Love Songs
For what is loved and what is lost: a writing prompt BY CLARE SHAW
The North Yorks Moors are burning.
They have been burning for 20 days. The A171 Whitby to Scarborough is closed, there is heavy smoke. There is moss and the heather, lichen and gorse. There is curlew and dragonfly, lizard and hare. The peat is six thousand years deep; six thousand years of carbon is stored there.
The fire began close to the military base at Fylingdales. 18 bombs have exploded; soft moss and sundew, bilberry, cowberry, lapwing and adder. Where a fire burns, the soil is sterilised and seeds grow slowly. The ground is dry and hard, rain gushes fast from the high ground, hard into the valleys, taking the dry soil with it; hawthorn and rowan, the ancient oak. 12 fire crews are fighting the blaze over 25 km of fire, many of them voluntary. The fire chief thanks the public for their donations of drinks and cake - “We are at saturation point”, he says, and asks us to stop.
The fire broke out on the 11th. On 14th, we watched the smoke in the distance from Blakey Ridge, in the low pink evening. We walked from Grosmont to Robin Hood’s Bay and it felt like my heart was breaking. It’s been a very tough two weeks, for reasons more complex than I can describe in this blog. But I will find the words. That’s what poetry is for, and music, and my own good time.
On Thursday 4th September I’ll be reading at “A Love Song to Peat” at Ponden Mill, on the edge of the threatened Walshaw Moor; there will be music and films and words, there will be miles of moors, the craft of walls, ruins holding their stories. “The wild mountain thyme / Grows around the bloomin' heather/ Will ye go, lassie, go?”
We write love songs because the landscape inside us is so huge and we are so small. We write love songs because love is all of the oceans and we cannot hold them. Sometimes we are a curlew and we sing for our mate and our chicks, we sing for our land. Sometimes we are quietly on fire and a thousand years burn inside us. Sometimes the flames reach high and we sing so that the fire crews will come, and the people will bring them cake. Look at my flames, we sing, look at my ashes.
Look at the ashes. Peat grows at a rate of 1mm per year. It will take centuries to repair. On September 4th, we’ll be raising awareness of the campaign to save Walshaw Moor, site of Wuthering Heights, and proposed location of the Calderdale Energy Park. The project is backed by a Saudi-owned multinational corporation; despite its claims, wind turbines located on deep peat are not “clean” nor “green”. Across the world, we are fighting to save peat, knowing that a healthy peatland can store up to 30 times more carbon per hectare than a healthy tropical rainforest. The proposed destruction of the Haworth Moors is driven by a hunger for money and for votes; if it goes ahead, it will be an act of immense and irreparable ecological destruction and cultural vandalism.

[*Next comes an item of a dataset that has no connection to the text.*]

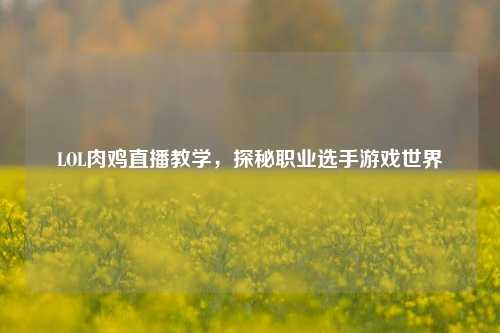 LOL肉鸡直播教学，探秘职业选手游戏世界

We are singing a Love Song to Peat, because like all good love songs - Jolene, Into my Arms, Wild Mountain Thyme, Nothing Compares 2 U - we are facing the loss of what we love - and it is good sometimes to share the pain, and the heather, and all of the birds. You can join us at the historic Ponden Mill, close to Haworth, on 4th September at 6.30-9pm - tickets are free, but you must book here.
If you can’t get to West Yorkshire, then you can still be part of this artistic conversation. Share your favourite love songs below - in poetry or art, film or music. Or write your own love poem to a plant, or a person, an animal or a place, following the simple abcb rhyme scheme of the ballad. Whether you are inspired by the lyrical and comedic contrasts of Dorothy Parker’s Love Song, or the melancholy ache of Robert Burns’ Red Red Rose, make sure that your song holds pain alongside pleasure, loss alongside love. Write your flames and your curlew; write your cake and your ashes.



Liking with a caveat - sadness for all the loss. It will take too long to recover in our human time, but less so in world life time. If that makes any sense at all 💚
Not sure which of you wrote this...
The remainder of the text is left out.